The answer should consist solely of the lines from the first one below through the line containing "Сумка Marc Jacobs", copied exactly.
++++ DATA FOR ANALYSIS
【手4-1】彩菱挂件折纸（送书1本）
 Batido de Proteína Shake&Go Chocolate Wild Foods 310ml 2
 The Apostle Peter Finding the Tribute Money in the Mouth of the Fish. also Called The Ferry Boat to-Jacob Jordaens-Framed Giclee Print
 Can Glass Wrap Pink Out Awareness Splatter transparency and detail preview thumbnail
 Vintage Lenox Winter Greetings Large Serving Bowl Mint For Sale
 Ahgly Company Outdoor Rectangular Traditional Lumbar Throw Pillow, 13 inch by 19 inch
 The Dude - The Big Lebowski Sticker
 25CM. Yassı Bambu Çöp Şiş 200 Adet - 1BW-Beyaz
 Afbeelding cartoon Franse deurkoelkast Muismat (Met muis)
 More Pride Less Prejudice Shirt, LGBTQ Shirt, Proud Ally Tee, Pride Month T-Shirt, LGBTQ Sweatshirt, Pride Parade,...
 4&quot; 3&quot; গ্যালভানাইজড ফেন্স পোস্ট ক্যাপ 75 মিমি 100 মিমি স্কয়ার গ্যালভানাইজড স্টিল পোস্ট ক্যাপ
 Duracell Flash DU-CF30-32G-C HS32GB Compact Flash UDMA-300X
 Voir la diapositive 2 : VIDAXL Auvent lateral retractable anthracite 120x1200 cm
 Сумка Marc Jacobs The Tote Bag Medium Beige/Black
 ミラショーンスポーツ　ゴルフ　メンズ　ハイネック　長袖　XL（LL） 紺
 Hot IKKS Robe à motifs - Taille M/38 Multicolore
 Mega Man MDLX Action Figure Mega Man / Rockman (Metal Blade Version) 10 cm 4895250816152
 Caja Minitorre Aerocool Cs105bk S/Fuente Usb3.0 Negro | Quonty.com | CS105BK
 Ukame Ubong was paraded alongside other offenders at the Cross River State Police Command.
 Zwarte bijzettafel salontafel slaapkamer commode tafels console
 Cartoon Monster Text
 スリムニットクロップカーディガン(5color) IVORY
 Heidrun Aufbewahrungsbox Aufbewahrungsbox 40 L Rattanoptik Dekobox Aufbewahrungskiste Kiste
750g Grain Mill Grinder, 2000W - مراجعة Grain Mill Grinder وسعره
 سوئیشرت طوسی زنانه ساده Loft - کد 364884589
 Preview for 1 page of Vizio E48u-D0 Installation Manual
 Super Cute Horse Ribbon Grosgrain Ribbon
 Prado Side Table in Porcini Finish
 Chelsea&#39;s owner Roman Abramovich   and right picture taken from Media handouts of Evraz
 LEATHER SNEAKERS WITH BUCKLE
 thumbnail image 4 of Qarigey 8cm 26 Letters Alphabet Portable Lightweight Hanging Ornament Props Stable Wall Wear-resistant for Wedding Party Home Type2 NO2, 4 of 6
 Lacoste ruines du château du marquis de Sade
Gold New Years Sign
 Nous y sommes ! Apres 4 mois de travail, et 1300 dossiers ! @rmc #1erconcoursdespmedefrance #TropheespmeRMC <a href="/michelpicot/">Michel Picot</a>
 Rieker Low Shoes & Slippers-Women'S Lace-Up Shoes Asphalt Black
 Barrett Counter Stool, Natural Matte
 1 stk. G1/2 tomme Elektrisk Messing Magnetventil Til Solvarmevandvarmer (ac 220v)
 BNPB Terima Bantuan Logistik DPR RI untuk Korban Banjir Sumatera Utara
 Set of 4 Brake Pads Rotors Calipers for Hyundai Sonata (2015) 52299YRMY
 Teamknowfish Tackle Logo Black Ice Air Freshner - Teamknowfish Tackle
++++++++
### SOLUTION TO THIS PROBLEM
【手4-1】彩菱挂件折纸（送书1本）
 Batido de Proteína Shake&Go Chocolate Wild Foods 310ml 2
 The Apostle Peter Finding the Tribute Money in the Mouth of the Fish. also Called The Ferry Boat to-Jacob Jordaens-Framed Giclee Print
 Can Glass Wrap Pink Out Awareness Splatter transparency and detail preview thumbnail
 Vintage Lenox Winter Greetings Large Serving Bowl Mint For Sale
 Ahgly Company Outdoor Rectangular Traditional Lumbar Throw Pillow, 13 inch by 19 inch
 The Dude - The Big Lebowski Sticker
 25CM. Yassı Bambu Çöp Şiş 200 Adet - 1BW-Beyaz
 Afbeelding cartoon Franse deurkoelkast Muismat (Met muis)
 More Pride Less Prejudice Shirt, LGBTQ Shirt, Proud Ally Tee, Pride Month T-Shirt, LGBTQ Sweatshirt, Pride Parade,...
 4&quot; 3&quot; গ্যালভানাইজড ফেন্স পোস্ট ক্যাপ 75 মিমি 100 মিমি স্কয়ার গ্যালভানাইজড স্টিল পোস্ট ক্যাপ
 Duracell Flash DU-CF30-32G-C HS32GB Compact Flash UDMA-300X
 Voir la diapositive 2 : VIDAXL Auvent lateral retractable anthracite 120x1200 cm
 Сумка Marc Jacobs The Tote Bag Medium Beige/Black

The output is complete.